前回、動物が隠れた漢字の話をしました。動物が隠れているのですから、人が隠れた漢字もあります。今回はそんな漢字を紹介します。
竝・並/甲骨3300年前 |
立/甲骨3300年前 |
最初は、二人の人が左右にならんでいる形からできた字です。一人ずつ立っている姿は、「立」です。「立」は一定の位置に立つ人を正面から見た形からできた字です。旧字体は、立が左右にならんでいる形=「竝」ですからわかりやすいです。今は少し形を変えているのでわかりにくいですが、文字通り横に「並ぶ」と言うときの「並」です。「並」は二人の人が横に並んだ形からできた字でした。
比/甲骨3300年前 |
人/甲骨3300年前 |
二つめは、右を向いたふたりの人を並べた字です。それは「比」、「比べる」です。人を横向きに並べて背の高さや大きさを比べることをしたのかもしれません。人を二人並べて「くらべる」姿から「比」はできました。カタカナの「ヒ」のように見えるパーツは右を向いた人だったのです。
從・従/甲骨3300年前 |
從・従/甲骨3300年前 |
三つめは、右ではなく、左を向いたふたりの人を並べた字です。左側の古代文字(甲骨)を見ると後ろの人が前の人についていくような格好です。右側の古代文字(甲骨)には道を表す「彳」があります。道をついていく人、つまり、「従う」という字の「従」です。古い文字は、人が二人いる「從」と書きました。
旅/甲骨3300年前 |
四つめは、左を向いたふたりの人がいますが、先頭の人は旗を持っています。旗を立てた先頭の人に従って進む人たちを表しています。現代でいえば、バスガイドさんが旗をもって、人々を従えて見学先に行く姿でしょうか。「旅行」の「旅」、「たび」という字です。旅と言えば楽しい気持ちになりますが、古い時代は物見遊山の旅ではなく、軍隊を率いて敵国へ攻めていくことでした。先頭が立てている旗は氏族の旗で、その旗の下に結集して敵国へ向かったのです。軍隊を表す「〇〇旅団」という言葉が今も残っています。
化/甲骨3300年前 |
北/甲骨3300年前 |
最後は、頭を上に向けて横たわっている人と背中合わせに頭を逆さまにして横たわっている人の姿からできた字です。(古代文字を見るとよくわかります)頭を上に向けている人は生きている人。逆さまになった人は死んだ人を表しています。生きていた人が死んだ姿になるように、すべてのものは変化しながら生死を繰り返していくので、変わること、変化することをいいます。それで、「化ける」という字の「化」となりました。「お化け」は本当に「死んだ人に変化した人」だったのですね。ここにもカタカナの「ヒ」があります。他にも、背中合わせの人からできた「北」という字の中に「ヒ」があります。人の姿がこんな形に変化して使われているのです。

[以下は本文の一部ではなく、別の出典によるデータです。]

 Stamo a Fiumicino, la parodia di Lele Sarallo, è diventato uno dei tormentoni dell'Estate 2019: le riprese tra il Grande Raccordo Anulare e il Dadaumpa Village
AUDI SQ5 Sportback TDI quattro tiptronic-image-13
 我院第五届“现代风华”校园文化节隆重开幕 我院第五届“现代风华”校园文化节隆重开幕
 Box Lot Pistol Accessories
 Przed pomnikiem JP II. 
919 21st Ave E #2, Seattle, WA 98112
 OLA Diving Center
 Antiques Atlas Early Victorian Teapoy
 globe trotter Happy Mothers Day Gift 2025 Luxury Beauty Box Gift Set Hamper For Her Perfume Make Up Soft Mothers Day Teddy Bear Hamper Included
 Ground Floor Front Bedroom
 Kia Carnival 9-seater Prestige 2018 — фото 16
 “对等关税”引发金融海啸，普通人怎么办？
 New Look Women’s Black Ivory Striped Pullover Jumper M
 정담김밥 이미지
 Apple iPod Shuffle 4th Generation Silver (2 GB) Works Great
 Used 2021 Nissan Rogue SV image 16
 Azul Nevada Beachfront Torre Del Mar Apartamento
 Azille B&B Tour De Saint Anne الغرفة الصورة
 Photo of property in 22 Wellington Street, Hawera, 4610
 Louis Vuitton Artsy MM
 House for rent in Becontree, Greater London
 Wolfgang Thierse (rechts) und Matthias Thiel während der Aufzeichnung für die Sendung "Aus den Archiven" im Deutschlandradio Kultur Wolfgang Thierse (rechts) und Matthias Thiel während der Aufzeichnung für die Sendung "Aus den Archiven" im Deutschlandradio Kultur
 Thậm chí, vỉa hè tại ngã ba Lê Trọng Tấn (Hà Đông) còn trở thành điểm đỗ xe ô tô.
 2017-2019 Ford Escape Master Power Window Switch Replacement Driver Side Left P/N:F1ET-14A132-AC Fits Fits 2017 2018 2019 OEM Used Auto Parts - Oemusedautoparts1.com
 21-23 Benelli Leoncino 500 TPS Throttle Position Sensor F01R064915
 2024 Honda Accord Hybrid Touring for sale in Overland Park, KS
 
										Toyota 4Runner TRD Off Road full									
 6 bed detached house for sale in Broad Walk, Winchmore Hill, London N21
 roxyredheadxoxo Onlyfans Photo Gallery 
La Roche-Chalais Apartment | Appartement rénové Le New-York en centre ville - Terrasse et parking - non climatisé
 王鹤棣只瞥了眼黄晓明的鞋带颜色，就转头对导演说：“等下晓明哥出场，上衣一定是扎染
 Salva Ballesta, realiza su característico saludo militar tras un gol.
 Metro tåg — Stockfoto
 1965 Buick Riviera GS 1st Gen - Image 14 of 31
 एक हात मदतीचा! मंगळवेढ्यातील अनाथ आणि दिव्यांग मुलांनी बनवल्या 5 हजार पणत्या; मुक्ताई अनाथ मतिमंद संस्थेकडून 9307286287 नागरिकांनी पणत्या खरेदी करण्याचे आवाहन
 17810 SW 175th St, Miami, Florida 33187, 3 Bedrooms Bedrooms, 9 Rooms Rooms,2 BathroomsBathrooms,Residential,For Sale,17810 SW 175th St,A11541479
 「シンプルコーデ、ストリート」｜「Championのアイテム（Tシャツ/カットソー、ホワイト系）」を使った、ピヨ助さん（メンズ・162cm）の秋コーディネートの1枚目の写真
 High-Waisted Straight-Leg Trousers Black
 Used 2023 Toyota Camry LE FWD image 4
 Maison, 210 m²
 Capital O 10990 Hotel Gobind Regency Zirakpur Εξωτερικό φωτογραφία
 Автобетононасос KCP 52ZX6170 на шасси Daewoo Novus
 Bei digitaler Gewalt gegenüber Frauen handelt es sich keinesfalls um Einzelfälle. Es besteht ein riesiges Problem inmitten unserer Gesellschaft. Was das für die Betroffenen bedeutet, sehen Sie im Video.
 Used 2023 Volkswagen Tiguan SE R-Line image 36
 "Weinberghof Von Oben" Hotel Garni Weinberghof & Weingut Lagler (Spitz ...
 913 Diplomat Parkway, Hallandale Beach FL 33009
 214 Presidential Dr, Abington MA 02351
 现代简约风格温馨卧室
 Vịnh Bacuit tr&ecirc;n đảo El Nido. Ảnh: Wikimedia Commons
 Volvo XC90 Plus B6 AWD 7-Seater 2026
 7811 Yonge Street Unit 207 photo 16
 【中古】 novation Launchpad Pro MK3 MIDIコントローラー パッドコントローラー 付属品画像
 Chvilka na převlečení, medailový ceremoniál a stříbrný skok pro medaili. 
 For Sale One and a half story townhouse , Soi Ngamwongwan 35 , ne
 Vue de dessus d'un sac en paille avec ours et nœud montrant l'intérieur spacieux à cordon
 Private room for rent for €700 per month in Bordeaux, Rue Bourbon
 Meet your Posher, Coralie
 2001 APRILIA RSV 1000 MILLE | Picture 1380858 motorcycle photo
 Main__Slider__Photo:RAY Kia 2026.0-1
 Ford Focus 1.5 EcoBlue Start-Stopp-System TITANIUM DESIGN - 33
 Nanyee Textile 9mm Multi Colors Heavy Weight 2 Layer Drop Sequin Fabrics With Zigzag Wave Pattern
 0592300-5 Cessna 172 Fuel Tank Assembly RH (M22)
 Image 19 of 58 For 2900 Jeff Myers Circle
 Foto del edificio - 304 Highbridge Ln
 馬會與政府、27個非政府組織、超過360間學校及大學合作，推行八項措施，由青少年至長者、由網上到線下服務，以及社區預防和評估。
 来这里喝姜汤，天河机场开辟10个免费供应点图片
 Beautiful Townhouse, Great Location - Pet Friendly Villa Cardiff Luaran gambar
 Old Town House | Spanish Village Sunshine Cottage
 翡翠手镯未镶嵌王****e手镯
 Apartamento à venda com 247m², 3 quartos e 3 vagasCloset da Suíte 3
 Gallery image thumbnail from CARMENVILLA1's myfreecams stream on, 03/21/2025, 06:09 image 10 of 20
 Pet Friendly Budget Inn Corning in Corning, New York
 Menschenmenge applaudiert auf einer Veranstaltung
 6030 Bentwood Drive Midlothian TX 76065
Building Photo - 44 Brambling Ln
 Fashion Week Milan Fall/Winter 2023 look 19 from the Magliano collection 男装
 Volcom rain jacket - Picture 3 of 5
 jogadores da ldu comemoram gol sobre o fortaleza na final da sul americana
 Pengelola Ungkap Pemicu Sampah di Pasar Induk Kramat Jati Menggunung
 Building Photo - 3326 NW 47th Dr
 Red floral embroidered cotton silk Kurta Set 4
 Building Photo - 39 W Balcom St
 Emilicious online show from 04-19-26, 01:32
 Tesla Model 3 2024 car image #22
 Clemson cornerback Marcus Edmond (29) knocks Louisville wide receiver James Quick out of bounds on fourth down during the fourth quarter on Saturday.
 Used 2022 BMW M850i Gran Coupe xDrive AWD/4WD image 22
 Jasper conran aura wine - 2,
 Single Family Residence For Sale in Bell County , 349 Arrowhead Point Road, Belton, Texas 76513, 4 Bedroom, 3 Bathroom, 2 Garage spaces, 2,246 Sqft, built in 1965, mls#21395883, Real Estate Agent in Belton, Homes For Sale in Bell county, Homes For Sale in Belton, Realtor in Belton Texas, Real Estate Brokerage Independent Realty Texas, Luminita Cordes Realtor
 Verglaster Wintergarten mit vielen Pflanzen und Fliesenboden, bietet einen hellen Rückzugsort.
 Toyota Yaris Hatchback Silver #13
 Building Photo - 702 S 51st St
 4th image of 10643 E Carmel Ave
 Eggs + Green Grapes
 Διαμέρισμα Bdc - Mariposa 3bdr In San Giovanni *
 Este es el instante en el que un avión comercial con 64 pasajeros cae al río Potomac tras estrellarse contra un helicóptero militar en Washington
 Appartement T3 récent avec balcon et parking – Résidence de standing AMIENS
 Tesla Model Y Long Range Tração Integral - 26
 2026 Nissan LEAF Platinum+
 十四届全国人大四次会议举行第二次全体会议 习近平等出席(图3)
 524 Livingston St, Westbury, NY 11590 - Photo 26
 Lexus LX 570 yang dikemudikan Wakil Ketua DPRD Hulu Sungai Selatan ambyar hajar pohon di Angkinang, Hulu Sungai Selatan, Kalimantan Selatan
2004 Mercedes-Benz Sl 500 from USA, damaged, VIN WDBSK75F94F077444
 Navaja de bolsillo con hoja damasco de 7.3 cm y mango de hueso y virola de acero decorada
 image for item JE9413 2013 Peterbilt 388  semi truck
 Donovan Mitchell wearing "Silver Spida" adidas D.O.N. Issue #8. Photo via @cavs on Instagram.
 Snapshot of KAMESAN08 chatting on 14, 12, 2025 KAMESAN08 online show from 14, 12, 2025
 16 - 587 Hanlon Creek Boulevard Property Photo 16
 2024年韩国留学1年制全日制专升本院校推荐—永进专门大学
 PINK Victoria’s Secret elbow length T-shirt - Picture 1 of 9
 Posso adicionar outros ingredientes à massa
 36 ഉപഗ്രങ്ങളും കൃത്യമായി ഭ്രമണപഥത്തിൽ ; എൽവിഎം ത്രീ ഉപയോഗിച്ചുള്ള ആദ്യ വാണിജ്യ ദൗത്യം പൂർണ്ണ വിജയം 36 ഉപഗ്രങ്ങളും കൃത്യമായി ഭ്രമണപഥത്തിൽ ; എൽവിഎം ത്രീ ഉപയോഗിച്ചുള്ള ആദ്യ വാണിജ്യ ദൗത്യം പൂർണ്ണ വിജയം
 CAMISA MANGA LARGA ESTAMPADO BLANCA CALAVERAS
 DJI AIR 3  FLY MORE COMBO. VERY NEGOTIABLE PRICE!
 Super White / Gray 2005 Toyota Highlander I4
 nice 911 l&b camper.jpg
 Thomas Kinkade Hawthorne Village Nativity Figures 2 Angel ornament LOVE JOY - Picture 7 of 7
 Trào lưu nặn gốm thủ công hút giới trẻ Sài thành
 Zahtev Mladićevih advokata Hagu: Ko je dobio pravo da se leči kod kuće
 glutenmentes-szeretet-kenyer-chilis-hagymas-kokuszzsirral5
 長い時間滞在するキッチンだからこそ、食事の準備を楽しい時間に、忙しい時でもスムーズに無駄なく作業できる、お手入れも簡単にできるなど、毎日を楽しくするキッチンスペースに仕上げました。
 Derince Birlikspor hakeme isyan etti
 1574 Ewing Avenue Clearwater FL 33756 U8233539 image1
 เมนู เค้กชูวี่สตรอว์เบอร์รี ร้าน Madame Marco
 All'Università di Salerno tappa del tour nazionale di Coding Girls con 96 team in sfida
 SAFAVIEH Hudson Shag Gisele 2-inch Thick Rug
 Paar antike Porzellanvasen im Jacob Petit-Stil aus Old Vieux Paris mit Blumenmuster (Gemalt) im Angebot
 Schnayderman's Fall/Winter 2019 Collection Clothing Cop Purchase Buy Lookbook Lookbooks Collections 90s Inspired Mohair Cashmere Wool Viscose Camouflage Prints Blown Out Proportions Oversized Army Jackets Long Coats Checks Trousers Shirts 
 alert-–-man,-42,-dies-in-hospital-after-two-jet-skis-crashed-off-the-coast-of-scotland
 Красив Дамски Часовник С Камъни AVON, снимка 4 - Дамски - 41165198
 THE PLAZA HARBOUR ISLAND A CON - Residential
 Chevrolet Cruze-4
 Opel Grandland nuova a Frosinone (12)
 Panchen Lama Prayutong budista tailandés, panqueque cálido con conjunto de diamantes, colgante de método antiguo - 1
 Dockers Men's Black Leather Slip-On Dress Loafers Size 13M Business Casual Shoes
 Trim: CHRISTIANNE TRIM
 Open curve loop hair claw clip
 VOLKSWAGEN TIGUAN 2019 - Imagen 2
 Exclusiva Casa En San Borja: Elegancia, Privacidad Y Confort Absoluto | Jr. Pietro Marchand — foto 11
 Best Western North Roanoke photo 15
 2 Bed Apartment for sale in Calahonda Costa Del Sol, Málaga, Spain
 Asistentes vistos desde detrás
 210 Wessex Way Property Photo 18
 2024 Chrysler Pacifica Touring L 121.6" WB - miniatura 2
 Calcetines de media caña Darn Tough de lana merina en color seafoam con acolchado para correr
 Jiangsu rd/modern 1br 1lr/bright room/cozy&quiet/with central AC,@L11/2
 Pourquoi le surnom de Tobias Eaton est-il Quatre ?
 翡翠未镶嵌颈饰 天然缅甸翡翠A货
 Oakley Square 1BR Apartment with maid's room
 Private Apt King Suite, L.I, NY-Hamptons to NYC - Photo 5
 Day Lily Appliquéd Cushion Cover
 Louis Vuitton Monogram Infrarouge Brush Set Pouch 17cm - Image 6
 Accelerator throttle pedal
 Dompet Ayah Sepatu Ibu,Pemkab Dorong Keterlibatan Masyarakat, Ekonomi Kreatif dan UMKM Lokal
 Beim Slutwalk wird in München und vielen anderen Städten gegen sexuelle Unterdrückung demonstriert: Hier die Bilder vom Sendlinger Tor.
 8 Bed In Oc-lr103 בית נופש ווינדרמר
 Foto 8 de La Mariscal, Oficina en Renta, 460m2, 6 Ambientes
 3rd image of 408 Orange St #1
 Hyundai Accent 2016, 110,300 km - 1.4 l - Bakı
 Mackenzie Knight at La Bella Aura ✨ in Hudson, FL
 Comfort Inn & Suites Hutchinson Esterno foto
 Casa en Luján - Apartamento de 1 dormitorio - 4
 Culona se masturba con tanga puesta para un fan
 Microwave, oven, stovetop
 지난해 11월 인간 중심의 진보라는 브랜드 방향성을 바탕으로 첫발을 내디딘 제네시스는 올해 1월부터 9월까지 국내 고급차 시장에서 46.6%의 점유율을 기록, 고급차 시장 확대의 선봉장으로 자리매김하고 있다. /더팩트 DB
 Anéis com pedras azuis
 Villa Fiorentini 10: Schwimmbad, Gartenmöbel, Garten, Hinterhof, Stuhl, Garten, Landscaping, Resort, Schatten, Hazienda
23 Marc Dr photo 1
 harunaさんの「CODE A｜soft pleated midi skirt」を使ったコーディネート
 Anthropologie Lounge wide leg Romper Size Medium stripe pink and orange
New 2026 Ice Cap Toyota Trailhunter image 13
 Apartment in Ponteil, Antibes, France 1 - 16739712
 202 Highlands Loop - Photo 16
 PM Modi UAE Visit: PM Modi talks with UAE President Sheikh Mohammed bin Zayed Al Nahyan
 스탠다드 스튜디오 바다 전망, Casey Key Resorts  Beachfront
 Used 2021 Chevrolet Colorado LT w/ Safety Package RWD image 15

今日紹介した「並ぶ」も「比べる」も「従う」も「旅」も「化ける」も普段よく使う字ですけど、その字に人が入っているとはちょっと気づかないです。でも、古代の文字を見るとちゃんとそこに人がいて、成り立ちを教えてくれます。単純に形象化された人の姿が組み合わせによって様々な意味を持つ漢字となって受け継がれています。